A pressurized water broom that cleans patios and driveways, saving nearly 250,000 gallons of water over its lifetime. . .an x-ray film processing unit that recycles more than 90 percent of the one million gallons a typical machine uses in a year. . . a mobile application for smart phones and tablets that helps consumers choose water-saving plants for home landscapes.
These are just a few of the water-saving ideas that have been funded by grants through the Innovative Conservation Program. Now, Central Arizona Project is joining the U.S. Bureau of Reclamation, the Southern Nevada Water Authority and the Metropolitan Water District of Southern California to support this program, which provides grant funds for the development of new and innovative methods to use water more efficiently.
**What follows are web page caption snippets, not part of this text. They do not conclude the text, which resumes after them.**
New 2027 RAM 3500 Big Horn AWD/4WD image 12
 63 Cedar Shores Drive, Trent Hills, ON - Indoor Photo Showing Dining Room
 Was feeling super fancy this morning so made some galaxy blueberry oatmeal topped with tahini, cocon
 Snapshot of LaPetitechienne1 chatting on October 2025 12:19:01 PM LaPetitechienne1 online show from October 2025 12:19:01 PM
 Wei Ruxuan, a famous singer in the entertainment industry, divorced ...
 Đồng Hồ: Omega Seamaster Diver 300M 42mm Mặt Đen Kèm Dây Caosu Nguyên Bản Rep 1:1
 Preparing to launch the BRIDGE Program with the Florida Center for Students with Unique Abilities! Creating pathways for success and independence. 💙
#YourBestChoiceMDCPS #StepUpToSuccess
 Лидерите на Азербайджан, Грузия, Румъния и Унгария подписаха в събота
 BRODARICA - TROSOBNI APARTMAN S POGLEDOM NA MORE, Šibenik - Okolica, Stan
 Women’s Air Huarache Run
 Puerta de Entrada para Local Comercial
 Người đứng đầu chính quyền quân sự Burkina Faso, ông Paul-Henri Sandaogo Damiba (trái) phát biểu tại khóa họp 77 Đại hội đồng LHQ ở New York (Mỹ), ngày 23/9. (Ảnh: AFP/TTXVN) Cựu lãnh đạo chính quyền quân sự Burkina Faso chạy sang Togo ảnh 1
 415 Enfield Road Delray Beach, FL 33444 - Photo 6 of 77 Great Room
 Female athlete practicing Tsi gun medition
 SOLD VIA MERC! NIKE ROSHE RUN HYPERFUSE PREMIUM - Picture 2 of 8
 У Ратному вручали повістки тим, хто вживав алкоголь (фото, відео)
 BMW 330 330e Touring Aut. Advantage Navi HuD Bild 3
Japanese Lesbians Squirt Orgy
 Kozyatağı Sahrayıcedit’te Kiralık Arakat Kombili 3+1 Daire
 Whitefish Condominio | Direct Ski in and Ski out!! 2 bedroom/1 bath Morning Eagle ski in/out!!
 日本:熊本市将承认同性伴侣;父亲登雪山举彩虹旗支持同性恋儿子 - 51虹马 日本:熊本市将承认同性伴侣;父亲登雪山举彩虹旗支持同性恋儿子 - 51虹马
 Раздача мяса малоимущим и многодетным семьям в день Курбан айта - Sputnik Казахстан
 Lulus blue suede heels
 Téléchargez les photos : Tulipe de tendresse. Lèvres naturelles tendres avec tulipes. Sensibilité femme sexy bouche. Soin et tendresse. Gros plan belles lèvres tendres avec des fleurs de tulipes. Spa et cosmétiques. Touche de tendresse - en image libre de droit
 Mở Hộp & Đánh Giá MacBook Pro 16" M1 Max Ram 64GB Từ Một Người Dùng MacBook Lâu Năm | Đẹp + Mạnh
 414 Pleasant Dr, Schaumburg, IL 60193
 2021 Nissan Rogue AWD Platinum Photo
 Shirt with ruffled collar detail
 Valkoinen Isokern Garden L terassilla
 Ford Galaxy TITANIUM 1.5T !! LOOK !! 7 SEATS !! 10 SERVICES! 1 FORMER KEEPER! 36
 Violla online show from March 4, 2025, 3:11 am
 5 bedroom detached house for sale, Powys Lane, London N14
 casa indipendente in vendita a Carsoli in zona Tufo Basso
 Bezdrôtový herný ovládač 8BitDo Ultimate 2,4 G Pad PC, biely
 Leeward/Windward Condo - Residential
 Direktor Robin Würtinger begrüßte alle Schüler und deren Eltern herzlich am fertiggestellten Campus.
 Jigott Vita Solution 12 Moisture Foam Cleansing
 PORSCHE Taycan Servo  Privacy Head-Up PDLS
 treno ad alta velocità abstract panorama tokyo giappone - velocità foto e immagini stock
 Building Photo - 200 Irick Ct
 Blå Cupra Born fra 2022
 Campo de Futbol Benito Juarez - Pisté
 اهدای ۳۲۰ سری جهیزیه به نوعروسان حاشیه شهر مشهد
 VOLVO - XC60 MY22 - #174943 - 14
The next great water-saving idea may come at just the right time as the Colorado River is in the midst of a 12-year drought. The Colorado River Basin Water Supply & Demand Study released in late 2012 projected long-term effects that could affect the more than 30 million people who rely on Colorado River water. This puts conservation in the spotlight, as residents prepare to do their part to save water.
This year’s $450,000 grant cycle focuses on water-savings devices, technologies and strategy proposals for landscape irrigation and the commercial, institutional and industrial sectors. Awards of up to $50,000 per project are available for public agencies, community-based organizations, private companies, entrepreneurs, research institutes and equipment manufacturers. Proposals are due Oct. 15.